GAZA: Hani Al-Masarai turned up the volume when the presenter on a local radio station in Gaza started talking about the municipal elections in the West Bank.
As a guest from Nablus was asked about the local elections, Al-Masarai, 32, who works as a barber, asked, “Why do we not have elections in Gaza?”
The second phase of local elections took place in the West Bank on Saturday, They included 50 cities and villages, including major cities, amid competition between the electoral lists affiliated with the Palestinian factions and independents, without the participation of Hamas and Islamic Jihad.
“Politics controls all the details of our lives, they don’t want our voice to appear, they don’t want us to say no, they look at us as sheep. We don’t have an opinion, they choose for us who rules us and controls us.” Al-Masarai told Arab News.
FASTFACTS
• Divisions between Palestinian leaders have deprived the people of Gaza the right to vote for 16 years.

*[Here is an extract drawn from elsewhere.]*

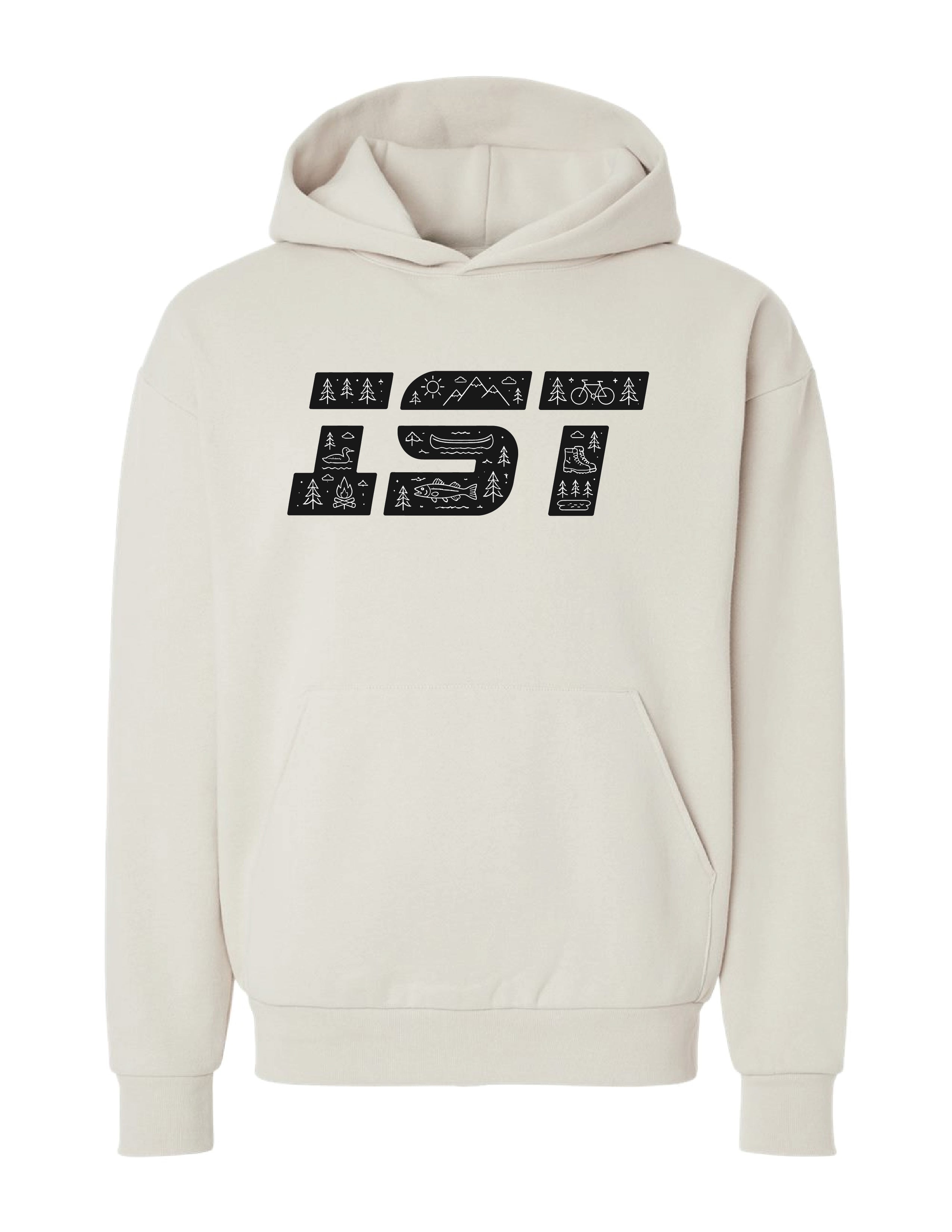 A1)  Independent Trading Co. Unisex Mainstreet Heavyweight Hooded Sweatshirt - IND420XD - IST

• Fatah and Hamas have more than once agreed to organize the elections, but each time they have been canceled for different reasons.
He has never taken part in any elections in Gaza — he has only watched elections on television when they take place in other parts of the world.
“The last elections in Gaza were in 2006, and at the time, I was about 16 years old and did not have the right to vote. I have waited for a long time for the day I can go to the elections, but unfortunately, this has not happened,” he said.
Fatah and Hamas have more than once agreed to organize the legislative and local elections, but each time they have been canceled for different reasons. Most recently the legislative elections were canceled last May — President Mahmoud Abbas said Israel prevented them from being held in Jerusalem.
Rawan Yunis, 44, is upset that she cannot exercise her right to vote — that Palestinians are exercising their right in the West Bank but not in Gaza.
“We are victims of division. No one looks at us as normal citizens. We have the right to choose who represents us. Each party holds the other party responsible, and in the end there are no elections,” she said.
Rawan has voted twice in elections, the first time in 2005 when Abbas was elected, and then in 2006 for the Legislative Council elections.
“I look at my children and wonder what their future will be without democracy. Democracy gives the citizen the power to influence public policies.”
Hamas has appointed municipal councils in the Gaza Strip every few years without elections since it took control in 2007.
Ahmed Al-Rabai, 73, is not interested in the local elections taking place in the West Bank. “This is an unnecessary political play.”
Sitting in his house with some of his neighbors, he said: “We don’t want elections, we want freedom for our children, we want a decent life. Elections are a game for politicians. Whoever has money and power wins the elections.
“We voted in the elections before that more than once. What happens is, every time an election takes place, the worst comes. Everyone we elected, whether from Hamas or Fatah, tightened their grip on the people, and made us poorer.”